It's a different story when a) your mind is set on statistics/linear algebra b) you've never had to actually implement binary search by hand since college and c) even if you do implement the algorithm and demonstrate that you have a general understanding, it must work perfectly and pass test cases otherwise it doesn't count.

FWIW I was rarely asked about algorithmic complexity which is more relevant in DS/ML, albeit it's usually in the context of whiteboarding another algorithm and the interviewer mocking me for doing it in O(n) instead of O(logn).

kragen · on Jan 10, 2022

Binary search in particular is surprisingly tricky, which is precisely what makes it useful for telling if someone knows how to program. To a significant extent, though, you can cheat by studying binary search itself, which is a surprisingly beautiful thing.
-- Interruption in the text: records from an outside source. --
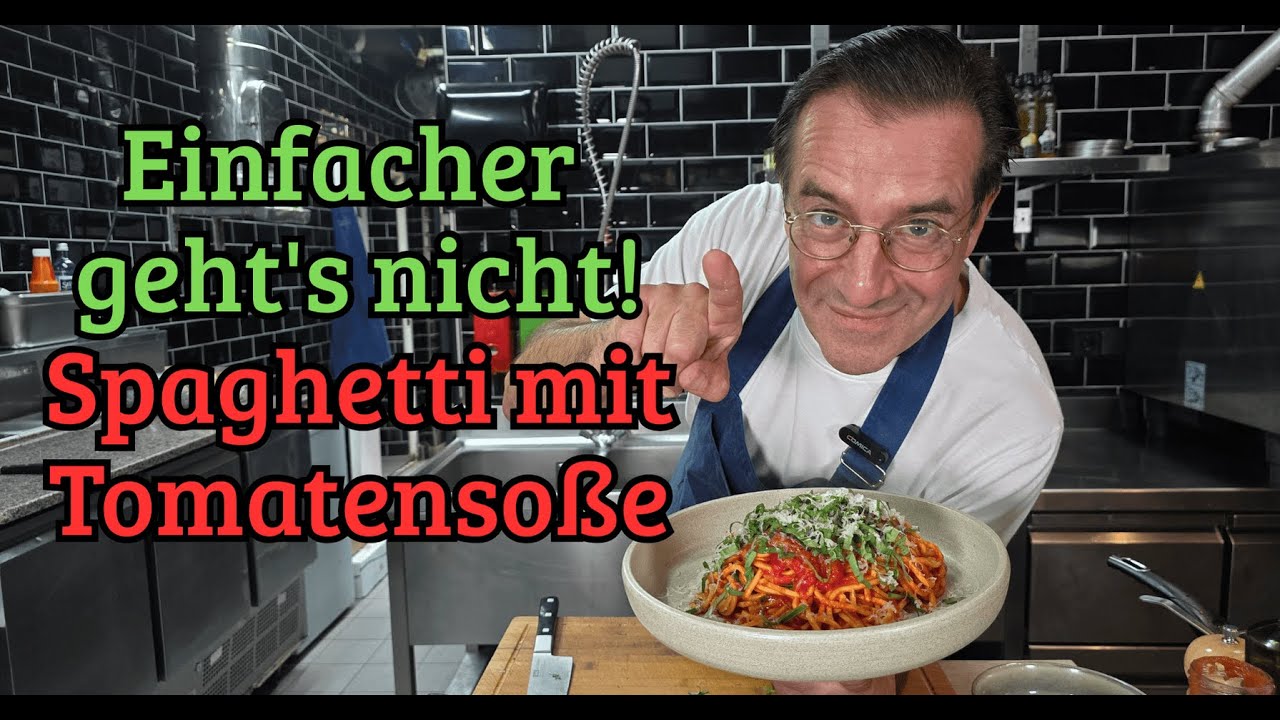 Spaghetti mit Tomatensauce in Rekordzeit! Einfach & super lecker
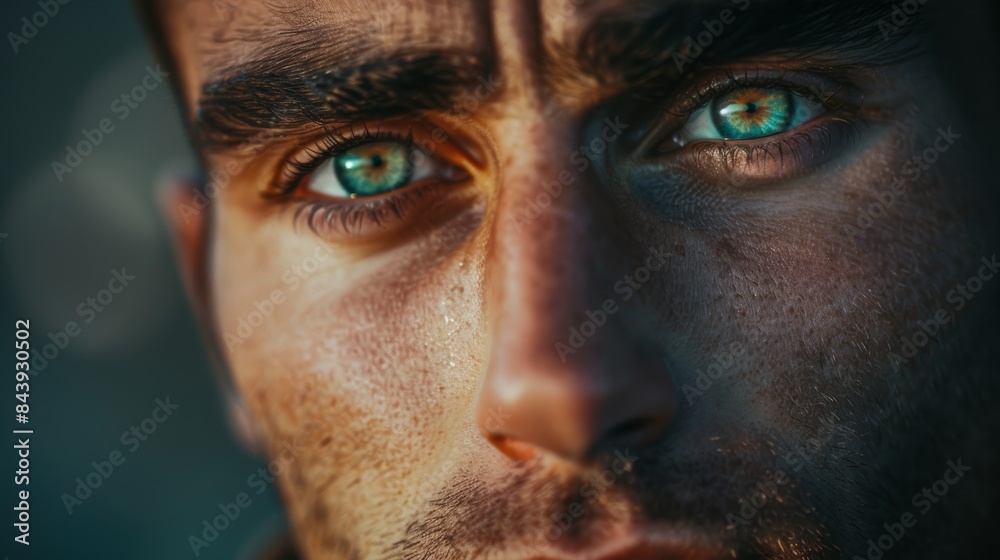 close up portrait of a man close up portrait of a man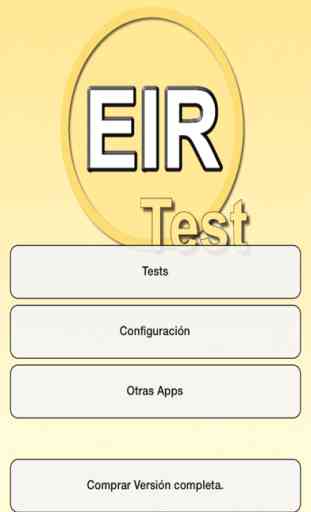 Examen EIR Enfermería Test 1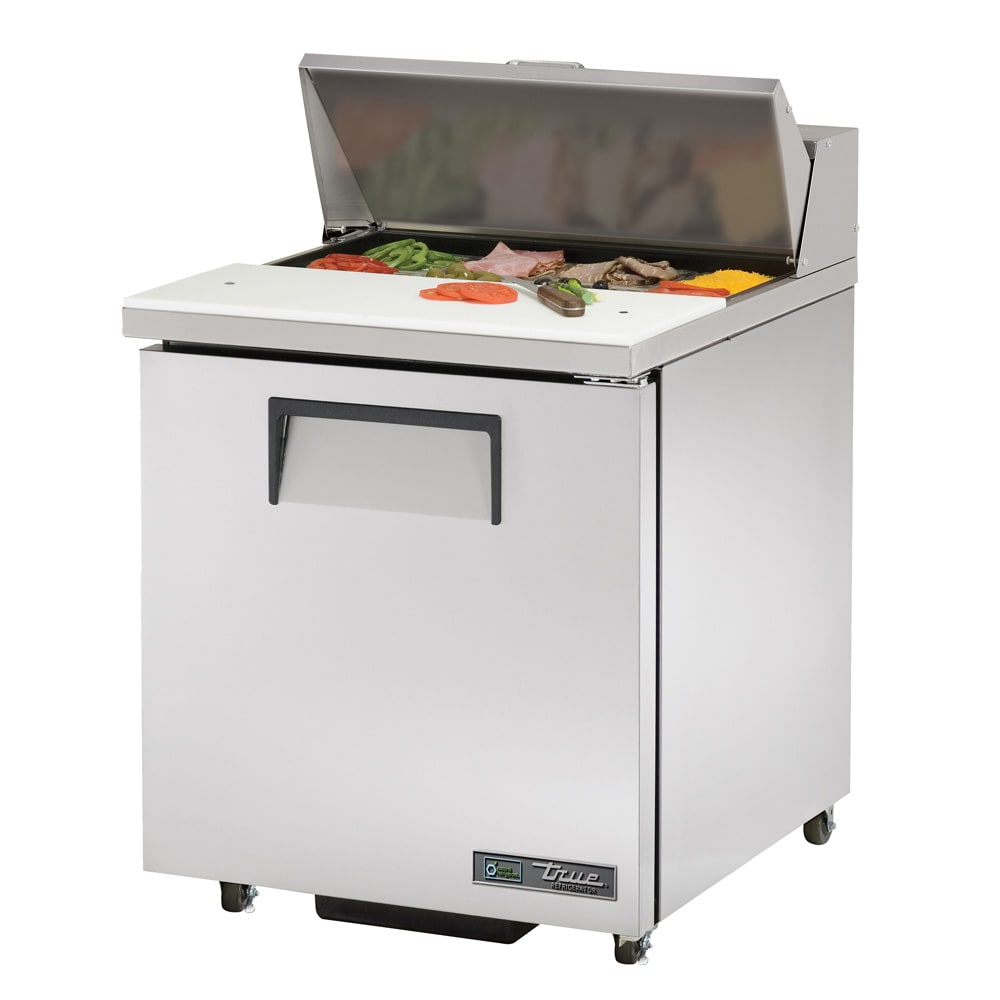True TSSU-27-08-HC ADA 27" TSSU Series Sandwich/Salad Prep Table w/ Refrigerated Base, 115v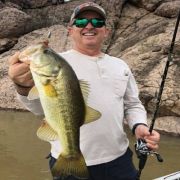 Angler with amazing black bass catch at Mateos Lake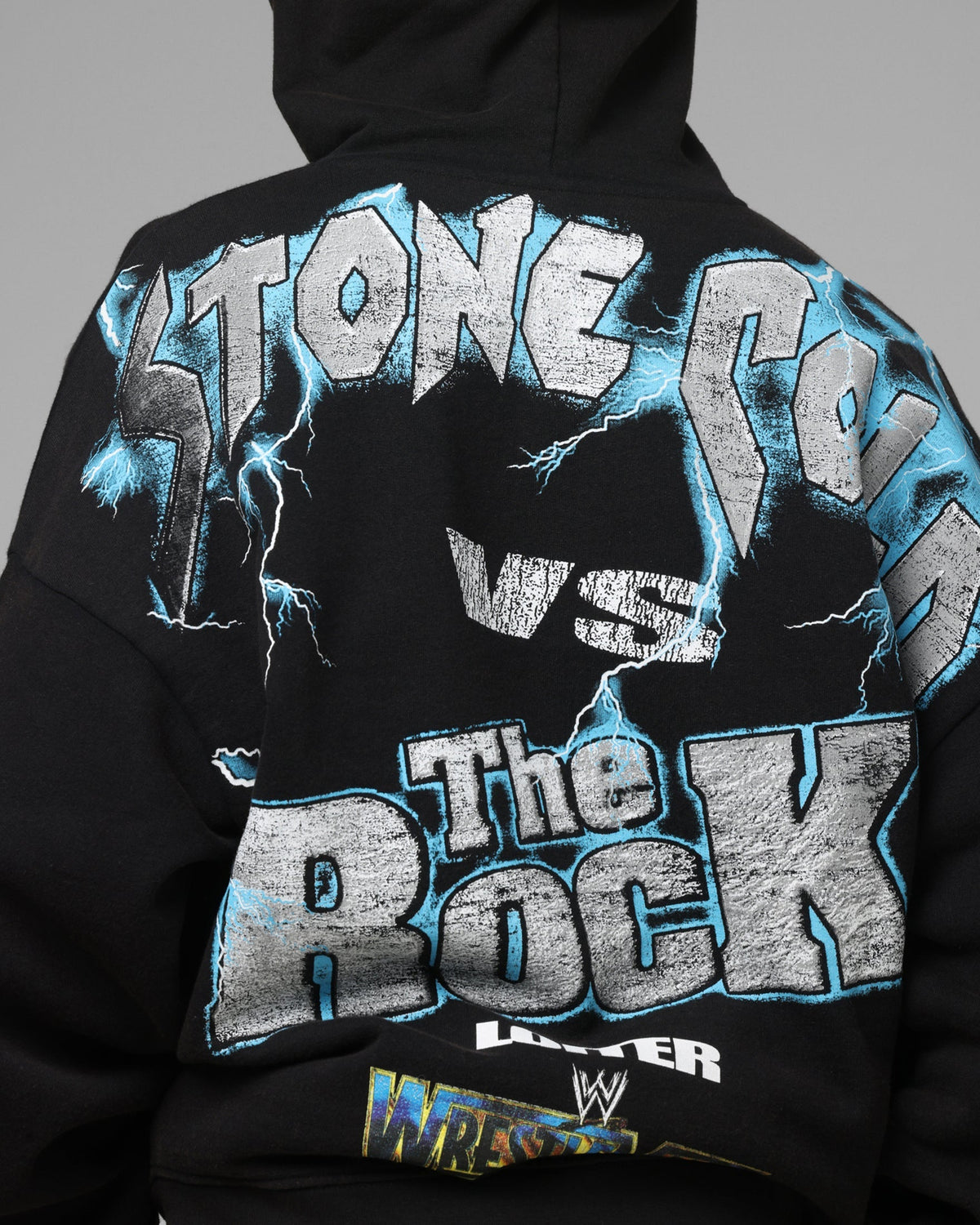 Loiter X WWE Stone Cold Beef Vintage Zip Hoodie Black - image 8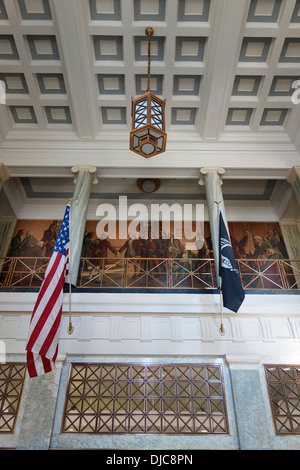 Ufficio postale di Poughkeepsie New York Foto Stock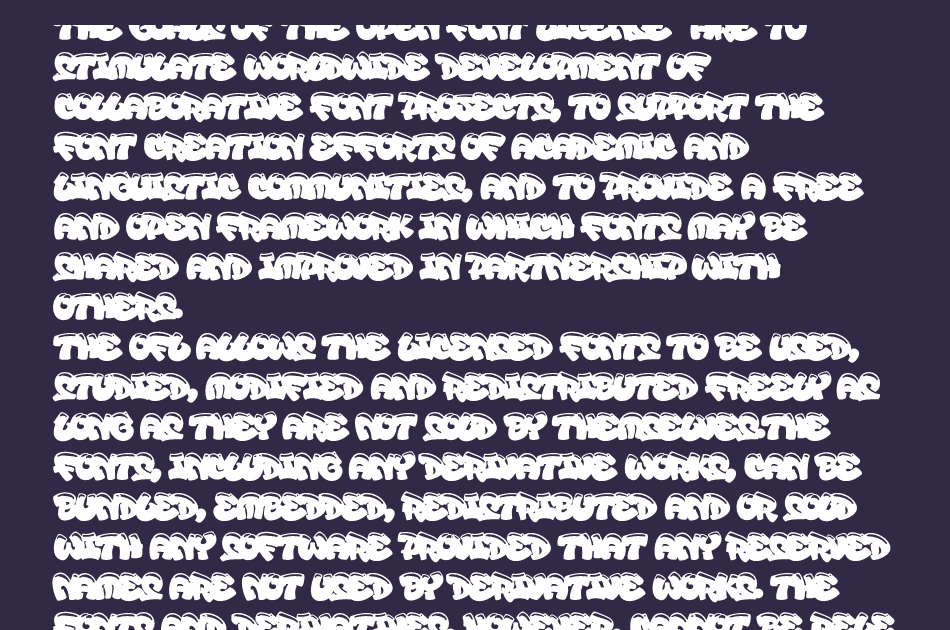 Backlane font 1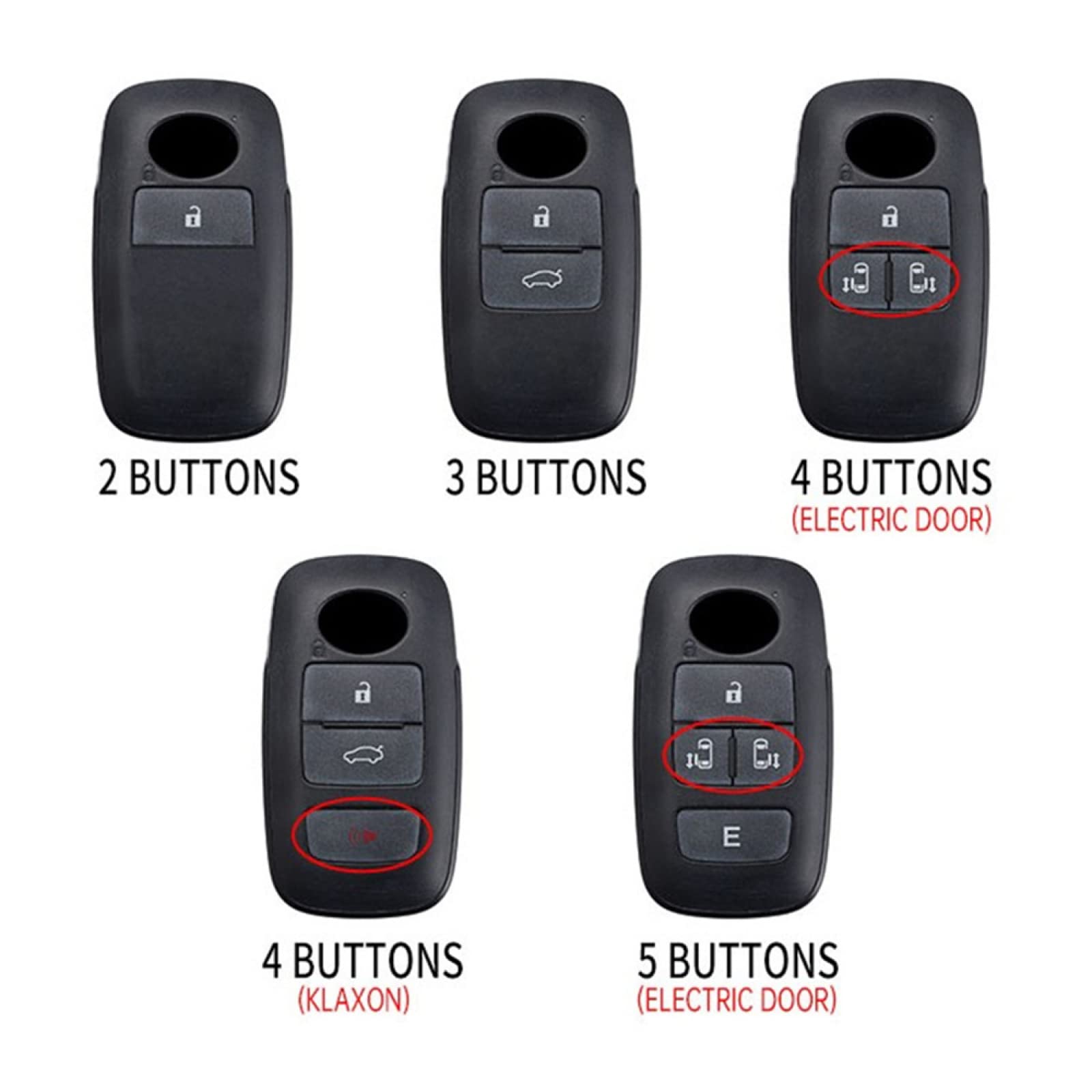 Shell De Llave Inteligente Para Toyota Raize Yaris 2023–2024, 2 Botones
I like this formulation for finding the first index in a half-open range where p is true, assuming p stays true thereafter:

    bsearch p i j :=
     i                   if i == j else
     bsearch p i       m if p m    else
     bsearch p (m + 1) j
     where m := i + (j - i)//2

Or in Python:

    def bsearch(p, i, j):
        m = i + (j - i) // 2
        return (i if i == j
                else bsearch(p, i, m) if p(m)
                else bsearch(p, m+1, j))

The only tricky thing about this formulation is that m < j if i < j, thus the asymmetric +1 in only one case to ensure progress. If invoked with a p such as a[m] >= k it gives the usual binary search on an array without early termination. The i + (j - i) // 2 formulation is not needed in modern Python, but historically an overflowing (i + j) // 2 was a bug in lots of binary search library functions, notably in Java and C.

(Correction: I said a[m] <= k. This formulation is less tricky than the usual ones, but it's still tricky!)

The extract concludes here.